В палатах гремело, слышались душераздирающие крики. Вспыхнул огонь, но со двора прогремел властный голос, трое из нападавших бросились гасить пламя. Распоряжался огромный толстый воин на коне. Когда пламя осветило его лицо, Владимир с трепетом узнал руса Сфенела, опытного воителя, наставника княжича Святослава.

Пожар затушили быстро. Крики вскоре затихли, несчастные захлебывались в своей крови. Сфенел быстро отдавал приказы. Огромный и толстый, он двигался очень быстро, распоряжался умело и жестоко.

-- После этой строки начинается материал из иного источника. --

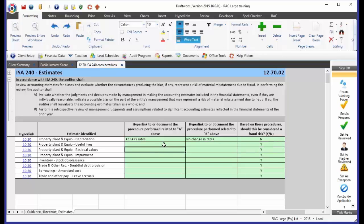If your documentation in the cell once again becomes too long, rather go and put a hyperlink in, put your additional working paper in the background rather than trying to complete it in this little cell. That's going to make it look a lot neater.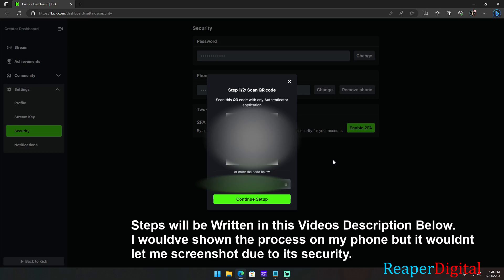But once you install the Authenticator app, open it and it will ask you what email account you want to use with the app. Choose the email you use to sign up with Kik. Then if it's your first time using the Google Authenticator app, it will say looks like there aren't any Google Authenticator codes here.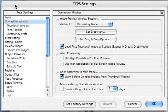The next setting we have is the operations window. This window is the main window that comes up when you either preview images or start your sitting.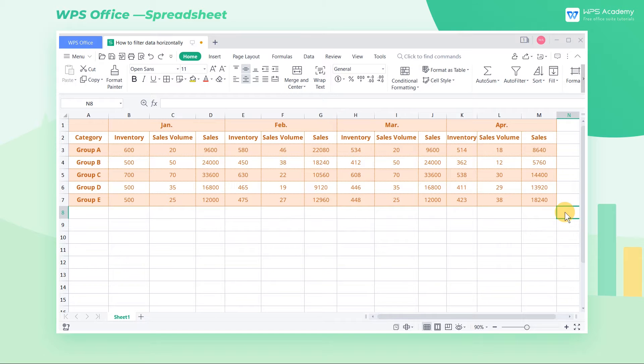The filter function is often used in data processing, but only when the data is vertically arranged. Today, we will filter data horizontally using two ways.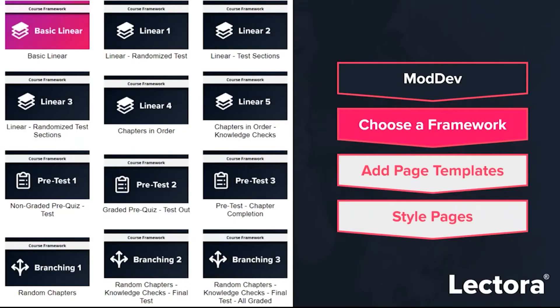One of the new things you'll hear us talk about is ModDev, our new modular development system built into Lectura Desktop 21. You'll be hearing a lot about this. It's not just about templates — there's a lot of instructional design built into ModDev, a lot of process, and a whole lot of fun.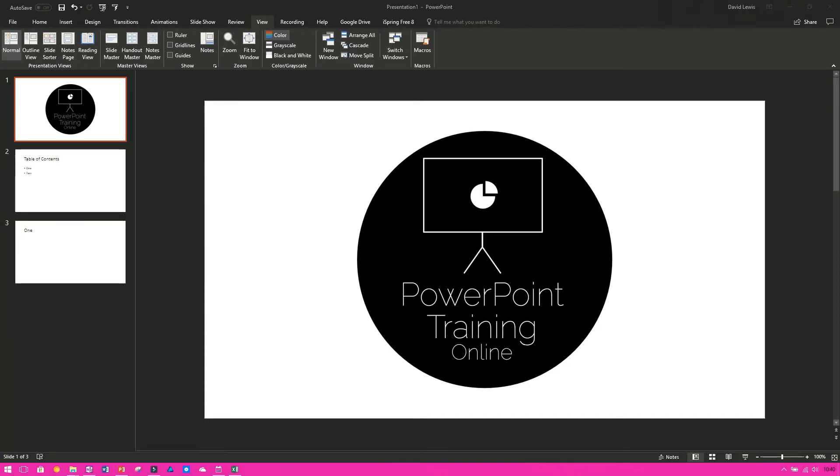Welcome back to PowerPoint Training Online. Today, for another Bite Size Monday, we're going to show you how to quickly hide and unhide slides.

Из темноты выныривали воины, снова уносились в ночь, быстрые и бесшумные, как призраки.

Из зияющего пролома в дверном косяке на крыльцо вышел, переступив через сорванную дверь, рослый воин в полном воинском доспехе. В его руке тускло блестел меч, длинный и острый. С черного острия срывались темные капли. Когда воин откинул забрало, Владимир в свете факелов узнал княжича Святослава.

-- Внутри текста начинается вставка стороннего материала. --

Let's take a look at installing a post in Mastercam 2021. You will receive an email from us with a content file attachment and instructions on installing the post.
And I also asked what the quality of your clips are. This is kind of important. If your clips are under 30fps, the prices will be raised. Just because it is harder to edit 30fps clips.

– Готово и с большой палатой.

– Гридни? – коротко спросил Сфенел.

– Кто сдался, того просто связали.

– Пойдем, сразу переговорим с княгиней.

Святослав заколебался, и у Владимира в его укрытии сжалось сердце. Святослав, великий воин и великий полководец, завоевавший соседние страны и мечом раздвинувший пределы Руси, сильный и решительный, сейчас колебался в мучительной растерянности, а Сфенел, давно уже не наставник юного княжича, сейчас словно снова вернул прежние времена.

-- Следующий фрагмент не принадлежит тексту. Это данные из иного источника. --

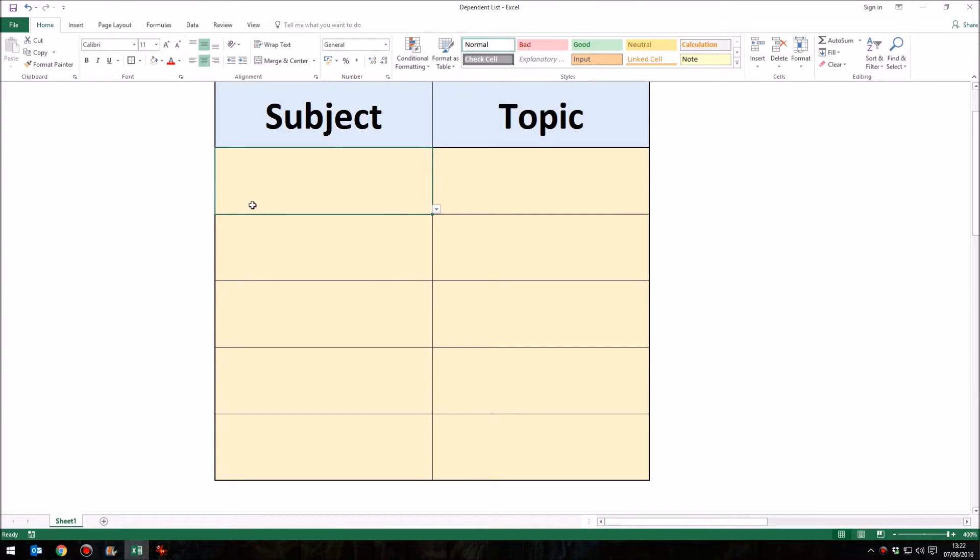Hello. What I'm going to show you in this tutorial is how to create what's called cascading or dependent menus in Microsoft Excel.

Он с неожиданной легкостью прыгнул с седла прямо на крыльцо. Затрещали доски, воевода поскользнулся в темной луже, выругался. Он кивнул, сразу несколько воинов бросились к нему с обнаженными мечами. Святослав вздохнул, крепче сжал рукоять. Лицо его было бледным, а глазные впадины в слабом лунном свете казались темными пещерами.

– Надо… так надо, – сказал он хриплым голосом.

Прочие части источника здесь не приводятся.